Making progress - Blog post ArrowPilates
Making progress

Doing Pilates is a journey. There is hardly a quick fix. Don’t expect to be strong and flexible overnight. However, improvements will come. Some will take longer than others but making progress in Pilates is definitely happening.


Pampering

Apparently Joseph Pilates didn’t express to his clients whether they made progress or not. He tailored a program what he thought you needed and made his clients follow it. And by ‘just doing it’ they were progressing. Clients didn’t ask if they could do intermediate exercises since levels didn’t exist. If you couldn’t do basic movements you clearly weren’t ready for more complicated work.


The way Joe taught is not how we interact with clients anymore. Different times and different expectations. There is more engagement, encouragement and perhaps also more pampering. Hand-holding or ‘client hovering’ is definitely more common than in the Joe days. He would just leave you to it. You can debate which approach creates more progress. Focussing on yourself and your own workout or only listening to instructions from a teacher who tells you what to do?

'I can do this'

The longer I am teaching I do understand better how Josep was teaching. Not necessarily why since he didn’t share a lot of his own history with his clients. I think progress happens with a clear and precise instruction to start with, followed by the willingness to learn the exercises yourself. Yes, a teacher is there to set you up. Where do the limbs go? How do the springs work? What exercises does this body need? But at some point, the teacher needs to take a step back and let the client feel it themselves.

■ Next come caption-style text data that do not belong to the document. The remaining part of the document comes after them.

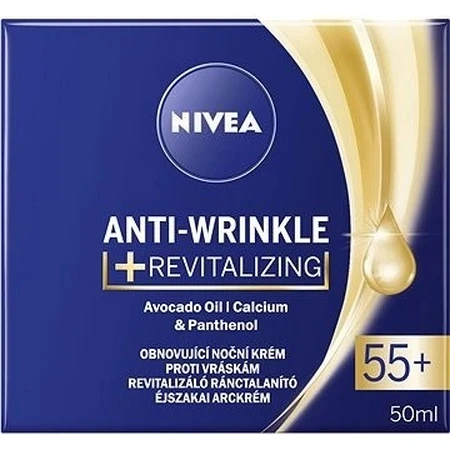 NIVEA 55+ anti-wrinkle cream 1×50 ml, regenerating day cream
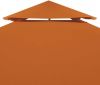 VIDAXL Vervangend tentdoek prieel 310 g/m&#xB2, 3x3 m oranje online kopen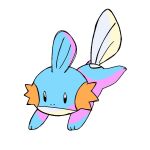  alternate_color black_eyes closed_mouth fins lying mudkip no_humans nose_poke000 pokemon pokemon_(creature) pokemon_focus simple_background solo white_background 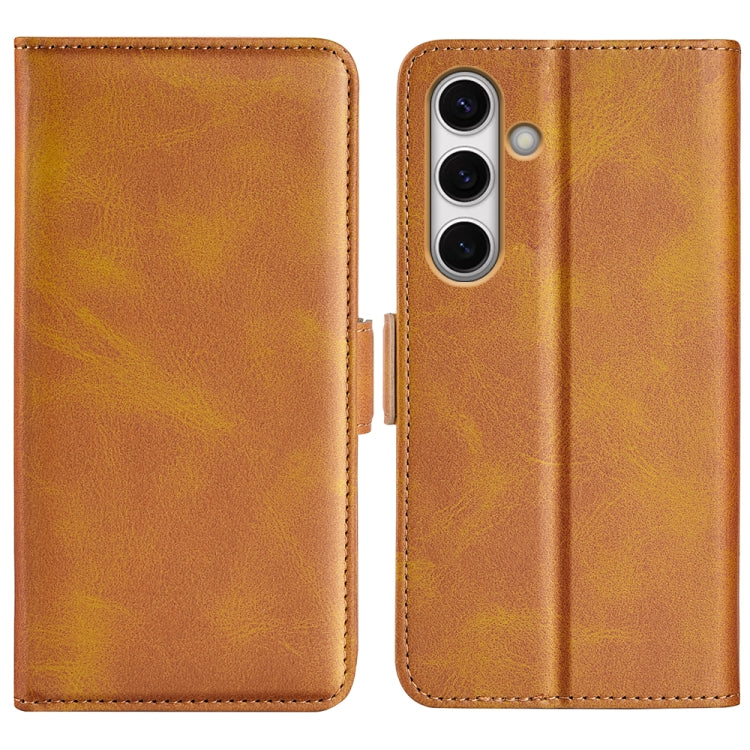 Dual-side Magnetic Buckle Horizontal Flip Leather Phone Case, For Samsung Galaxy S25 Edge 5G, For Samsung Galaxy A06 5G, For Samsung Galaxy A26, For Samsung Galaxy A36, For Samsung Galaxy S25 5G, For Samsung Galaxy S25+ 5G, For Samsung Galaxy S25 Ultra...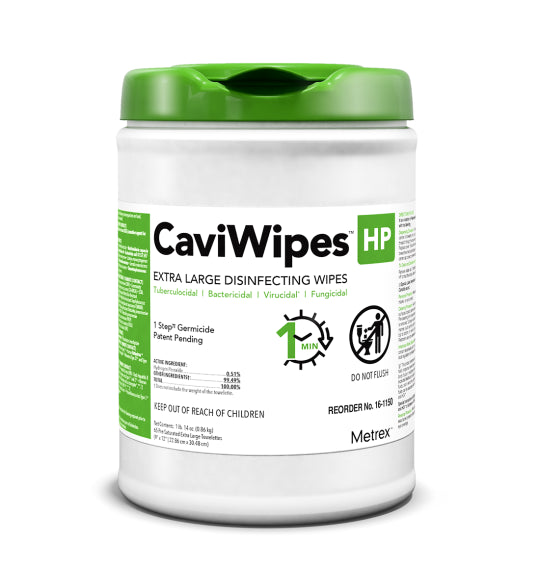 Metrex 16-1150 CaviWipes HP Disinfectant Wipes XL Can 65/Pk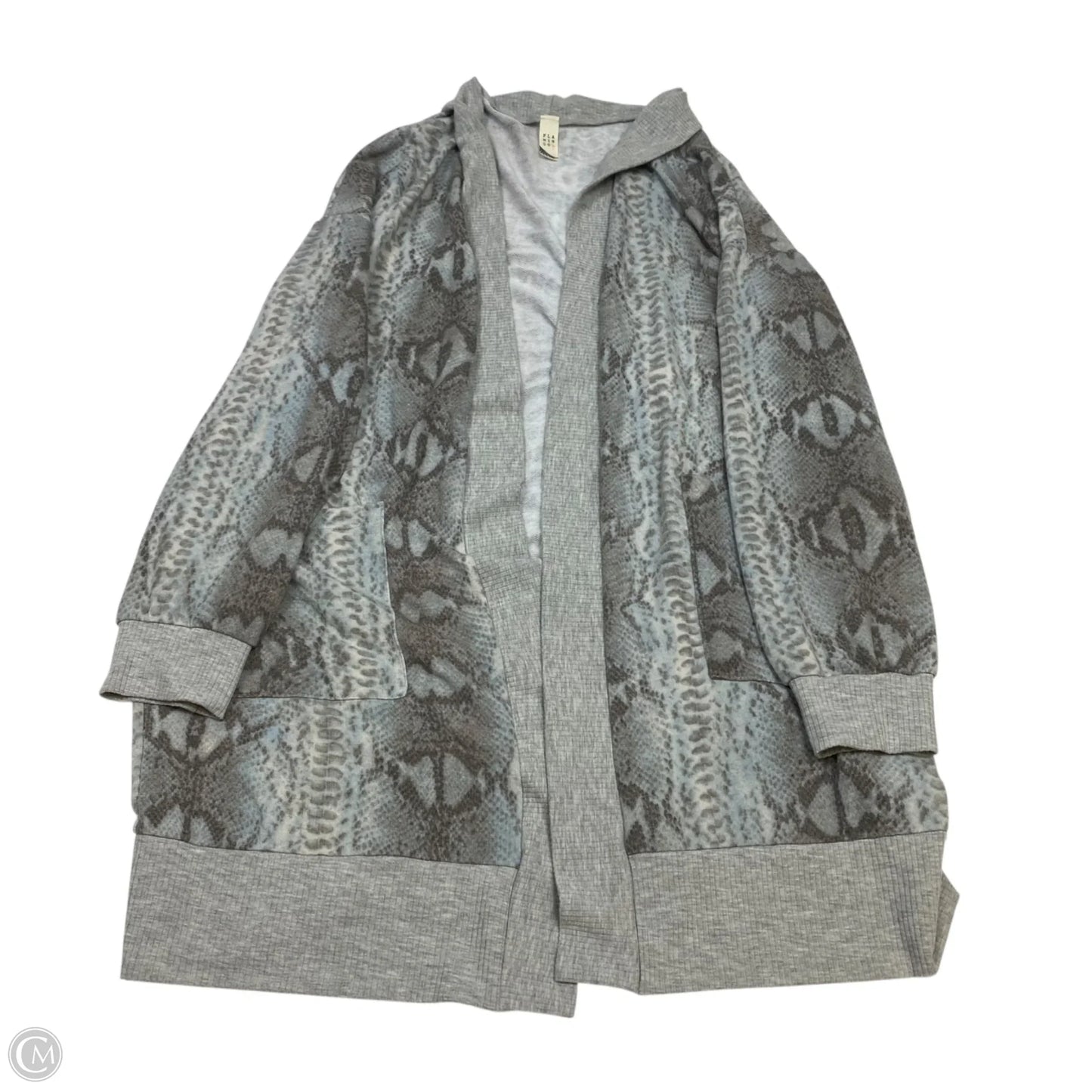 Cardigan By Flamingo In Grey, Size: M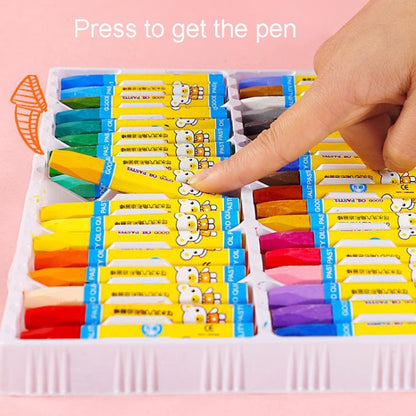 AIYO Crayons Peinture Lavables Ensemble de Bâtons de Peinture à l'Huile pour Enfants, Spécification : 18 Couleurs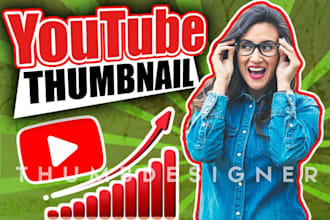 design an amazing youtube thumbnail and fiverr image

That moment is crucial in making progress. First of all the fact that you are doing Pilates on your own. You take yourself through a routine or series of exercises: ‘I can do this’. The achievement of controlling the apparatus and moving your body without being told is a big achievement and for a teacher always a moment to be proud of. Secondly, the role of the teacher changes to that of a coach. A coach will challenge you how to do your exercise even better and does not tell you in detail what to do. With a different cue, a guiding hand to find lift or scoop and a change in flow the work of the client goes deeper into the work.


Breakthroughs

Breakthroughs happen with each client. You think you could never do a certain exercise but then suddenly you can. As teachers we know that happens. You will be able to do that exercise, which seemed difficult at the start, because we give you all the tools you need to accomplish that. Again the balance between setting up first and letting go later. Breakthroughs are not a goal of a Pilates session; they happen because the client makes the right connection.


A connection is like a click you make in both your body and mind: ‘Ah, that is what you mean, now I feel it!’. That connection is dependent on a few factors: concentration, translating verbal or hands-on cues into your body, persistence and obviously good teaching. I can guarantee you that if you find those connections in your body, you will make progress and you will be able to be independent in your Pilates routine.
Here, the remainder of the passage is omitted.